Notes on fascism: The road grows shorter

Sam Smith, 2008 - It is not easy to recognize fascism if you haven't been there before. Our eyesight is blurred by everything from cultural optimism to psychic denial. But news of the NSA's mass spying on American's phone records - in number of victims, at least, perhaps the most broadly illegal and unconstitutional act in our history - makes it all simpler. There is not an ounce of hyperbole in calling the NSA's action those of a fascist regime and not of a democratic state. NSA has not only violated the law, it even refuses to allow the Justice Department to investigate its violation. This is the behavior of a dictatorship, not of a democracy.

Sadly, even more tellingn tha NSA's action - in determining how far down the road to fascism we have traveled, is the response to it by the public, the press and the law. In a real democracy, citizens, media and their attorneys stand up against such abuse; in this case there is a truly frightening ambivalence and apathy.

According to the Washington Post, nearly two thirds of Americans support the NSA in its actions - 44% strongly. This may not be so surprising when one considers how little time and space the media has permitted for arguments that paranoia is a poor way to protect oneself or that a regime that will trash its laws and constitution rather than adopt a more reasonable foreign policy is not to be trusted to be either fair or safe. On a regular basis the press reinforces the idea that "national security" is inherently at odds with democracy and decency, repeatedly nudging the citizen towards the former even if it is, as it so often is, a phantom refuge.

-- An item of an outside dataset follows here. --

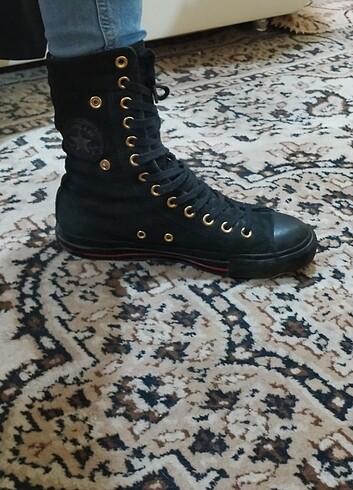 Orijinal Converse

Further, many lawyers - and the commentators who quote them - foster such trends by the mythology that justice is best served by following precedents or case law. This bias is based on the cheerful presumption that progress in the law as elsewhere is inevitable. On a number of occasions, however, I have asked extremely intelligent lawyers what does one do in a society where the legal precedents are becoming worse - as they are in a country dismantling two centuries of ideals? Not one has given a coherent answer. One can not tell how much longer America has before it gives up on democracy completely. What we can say, however, is that the road has just gotten much shorter.

2 comments:

Anonymous said...

well said

flip

Anonymous said...

I guess... if you look at telephone companies / lawyers as being the 'corporate' part of the Corporate/Government entity called Fascism. But just as your other article asks for clarity in defining Nazism and Fascism, so to we must be careful about how we define the Government simply overstepping is bounds by snooping too much. The possible link to Fascism would be appropriate if talking about Congress being 'bought' by Corporate America, and together making laws that then result in 'undemocratic' activity.